# Neu Aggressive Mails



## Bernd Murschel (25 November 2008)

Hallo
In letzter häufen sich E-Mails eine Inkasounternehmens mit Anhang. Der aufbau ist dabei stehts ähnlich wie es bei den Bekannten E-Bay Mails war. Wie kann ich dagegen vorgehen? Habe mal versucht denen über Antworten zu schreiben ergebnis war ein Maildeliverend.
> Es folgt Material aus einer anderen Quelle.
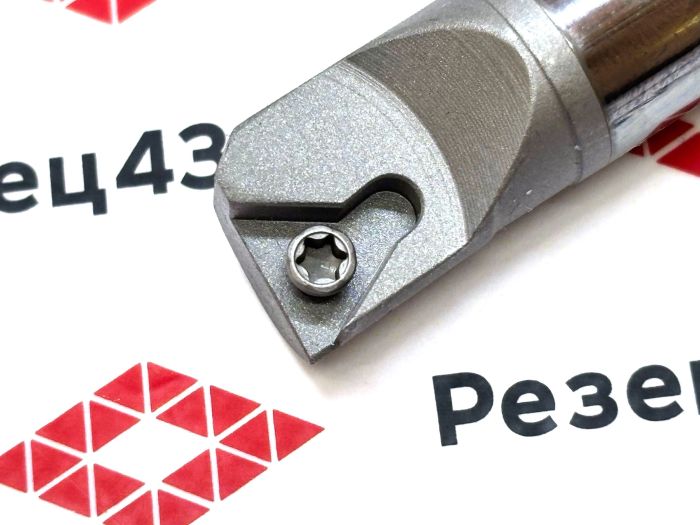Резец внутреннего точения C12M-STUCR09 антивибрационный
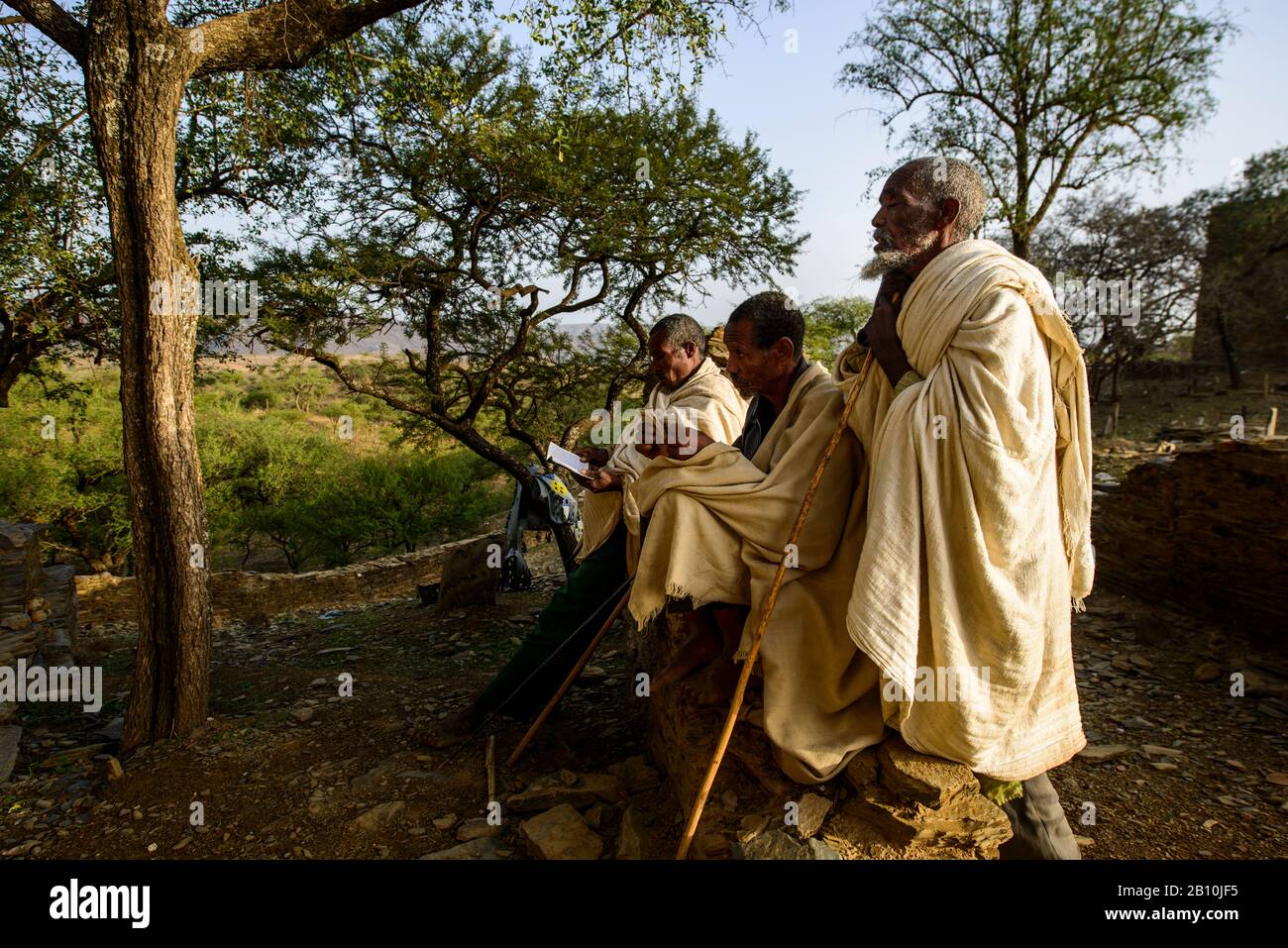 Anhänger der äthiopisch-orthodoxen Kirche beten und meditieren um die Kirche, Äthiopien Stockfoto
Die Zip Datei im Anhang rühr mal besser nicht an.


----------



## wahlhesse (25 November 2008)

*AW: Neu Aggressive Mails*

heise online - 24.11.08 - Schädlings-Mails tarnen sich als Inkasso-Rechnung

Bitteschön.

LG
wahlhesse


----------



## Bernd Murschel (25 November 2008)

*AW: Neu Aggressive Mails*

Schön und gut das heise da schon drauf Aufmerksam macht. Aber wie kann man dann gegen die Versender dann vorgehen?


----------



## Heiko (25 November 2008)

*AW: Neu Aggressive Mails*

Garnicht. Einfach ignorieren. Wenn keiner mehr auf die Mails reagiert, hört der Versender von alleine auf, weil es sich nicht mehr lohnt...


----------



## Antiscammer (29 November 2008)

*AW: Neu Aggressive Mails*

So sieht das aus.
Diese Anhänge sind i.d.R. virenverseucht. Der Absender der Mail ist gefälscht, was durch den veralteten Standard der e-mail-Versandprotokolle (smtp) leider problemlos möglich ist. Daher ist der Urheber meist getarnt und nicht feststellbar. Lediglich in Ausnahmefällen, wenn z.B. ein Botnetz ausgehoben und die Verursacher enttarnt werden, gelingt eine rechtliche Verfolgung der Urheber, wenn sie nicht ohnehin aus Osteuropa agieren. So dürfte hier aber der Fall liegen. Die Urheber dürften bei der russischen Spam- und Hacker-Mafia zu suchen sein, man bedient sich offenbar deutscher Helfershelfer, die dann die deutschen Spamtexte verfassen, vielleicht auch die Verteilung besorgen. Man kann natürlich spekulieren, ob dieser Helfershelfer jemand ist, der auch sonst schon durch etliche Spamattacken etwa für Nutzlosseiten oder für eine hamburgisch-holländische Pornobude aufgefallen ist.


----------